February 15, 2012

romance and real estate

New York City is its own universe. The Met, Central Park, Rockefeller Center, the Yankees, but the city that never sleeps has one major downfall. Two words. Real Estate.

The exorbitant real estate market is quite possibly the sole reason, aside from the unbearable winters and ridiculously hot summers, most folks don’t make the move to the Big Apple. “You live in Manhattan? It’s so expensive!” Indeed it is expensive, which is why it doesn’t shock me when many people have a roommate. It’s more affordable to share with someone you know or perhaps don’t know, as long as the rent and utilities are paid on time.
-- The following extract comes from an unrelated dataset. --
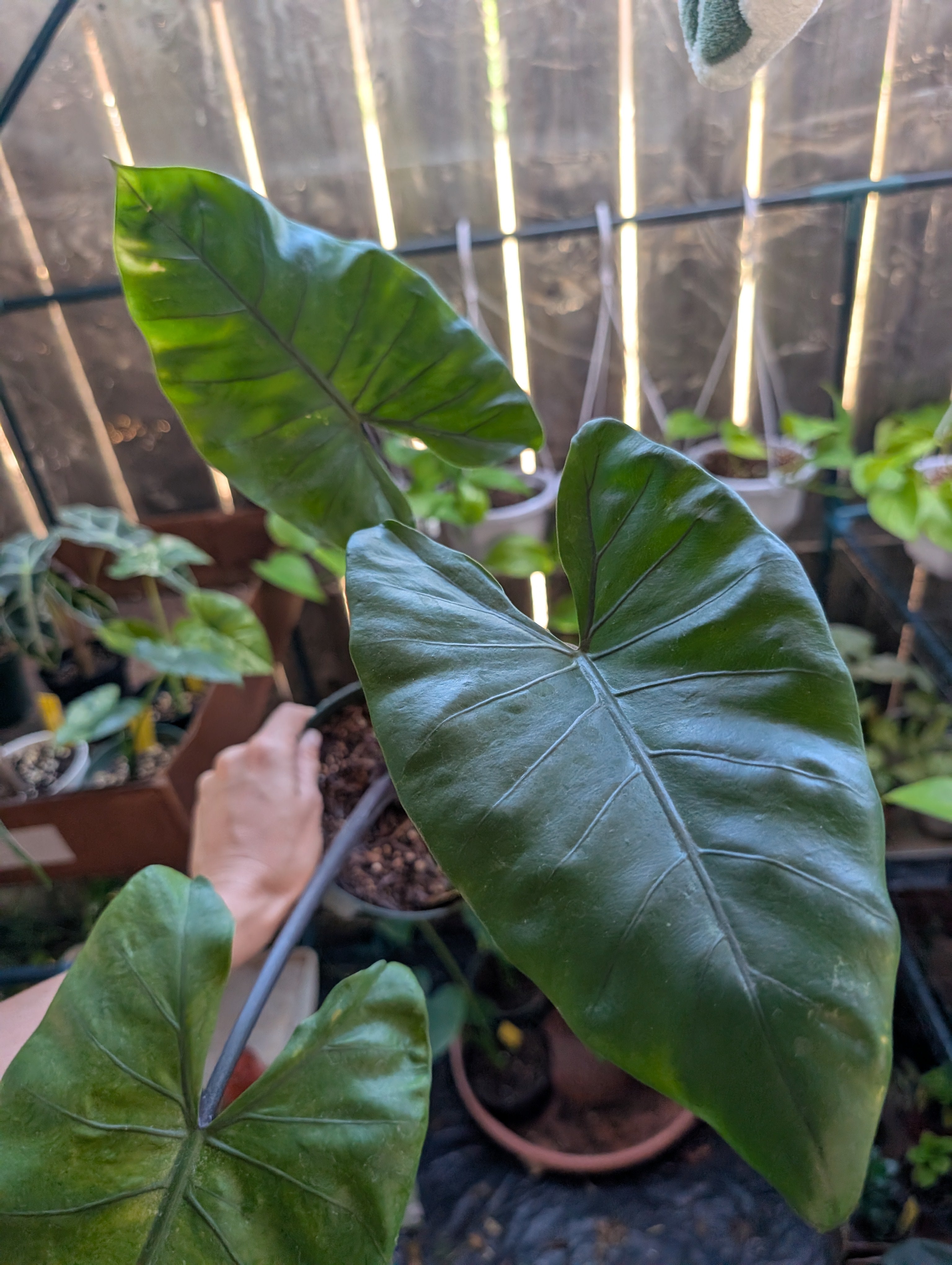Alocasia 'dark star'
You live under the same roof and yet never have to utter one word to each other. It’s an unspoken, mutual understanding. You simply coexist.
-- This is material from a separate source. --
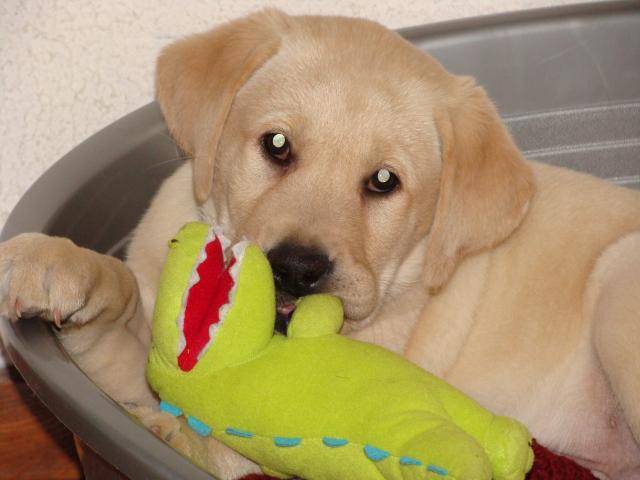 Cyrus. Labrador - Labrador Retriever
Romance and real estate go hand in hand in this city. Due to the slightly outrageous real estate market, men and women have paired up and are hibernating. Together. Cohabitating relationships. One bed, one bath apartment for two, please. Move in with your significant other and save money all at the same time. Makes sense, right? Is the official “we’re moving in together” because you’re truly in love and shacking up is the next logical step before the famous last words, “I Do?” Date, move in, get married all in that specific order? Who better to split the rent with than your “other half” or in most cases the person you’ve been dating for six months. Is the real estate market in New York City single handedly revolutionizing relationships? What if the two of you decide to go your separate ways? Break up, end the relationship. Then what? You’re stuck sharing a one bed, one bath apartment with the one person you can’t stand much less lay next to. Do you move out? Who gets the rights to the place? The coffee maker? Do you work on the relationship in order to stake your claim on the hottest real estate in all of NYC?
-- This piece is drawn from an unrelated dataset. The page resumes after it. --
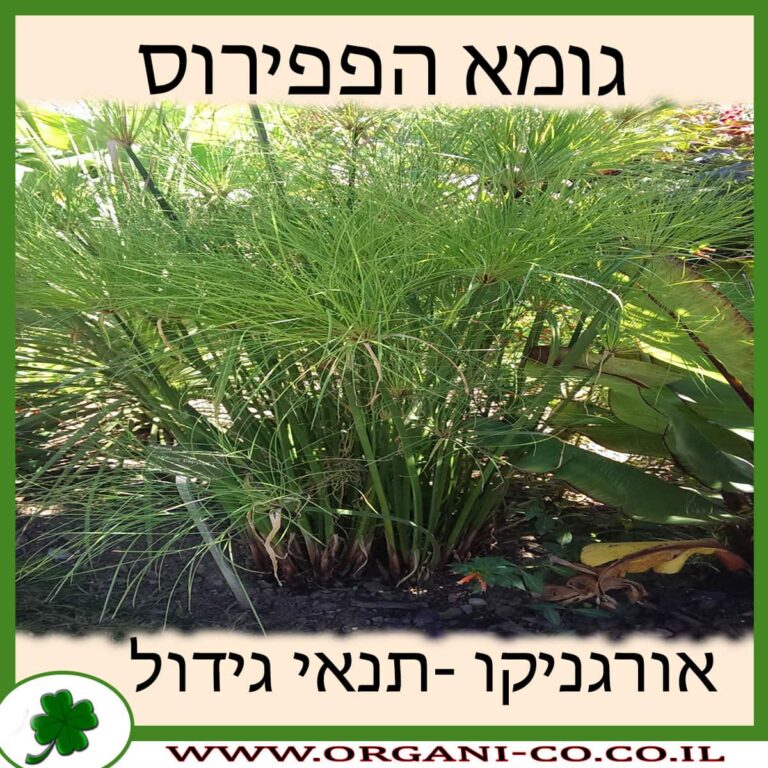 גומא הפפירוס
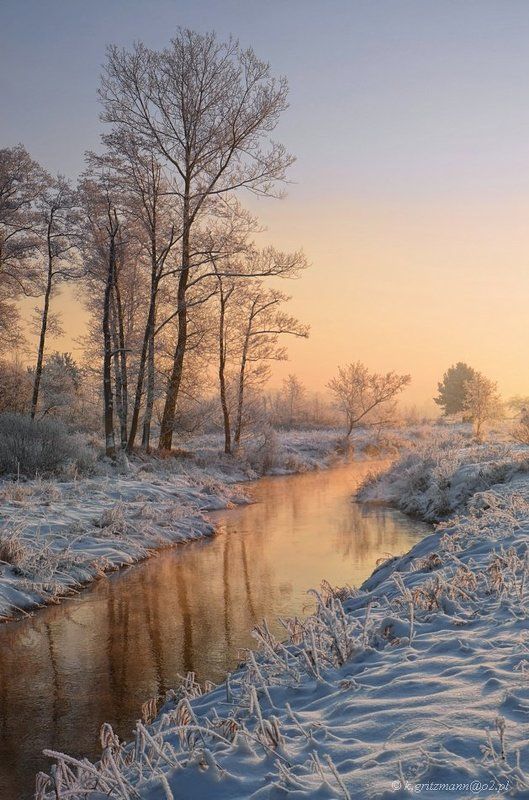 winter morning фото превью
It’s not only who you live with in Manhattan, it’s where you live. There’s a certain stereotype depending on which borough you reside in. Where you live can be the make it or break it for any budding relationship. When you meet someone in a bar or coffee shop or even the grocery store, the most commonly asked question even before the generic “What’s your name?” is usually “Do you live around here?” Location, location, location!! What the good-looking guy in Aisle 5 really wants to know is- how far does he have to travel to take you out? If you live more than a few blocks or a long subway ride away, forget about it. Uptown and Downtown? It won’t work. Consider it a long distance relationship and we all know those never work. New York is bizarre in that way, but it makes sense. Date someone closer. Less compromise, more convenience. The one teeny tiny problem with that is if you two ever break up, you may want to relocate. Avoid that cute little coffee shop you both fell in love with, the restaurant around the corner he took you to on your first date, the local bar is no longer your stomping ground. Laundromat? Don’t even think about it. You don’t want him seeing your unmentionables without proper permission. Once you split, you must be fully prepared to forfeit your rights and allow full custody.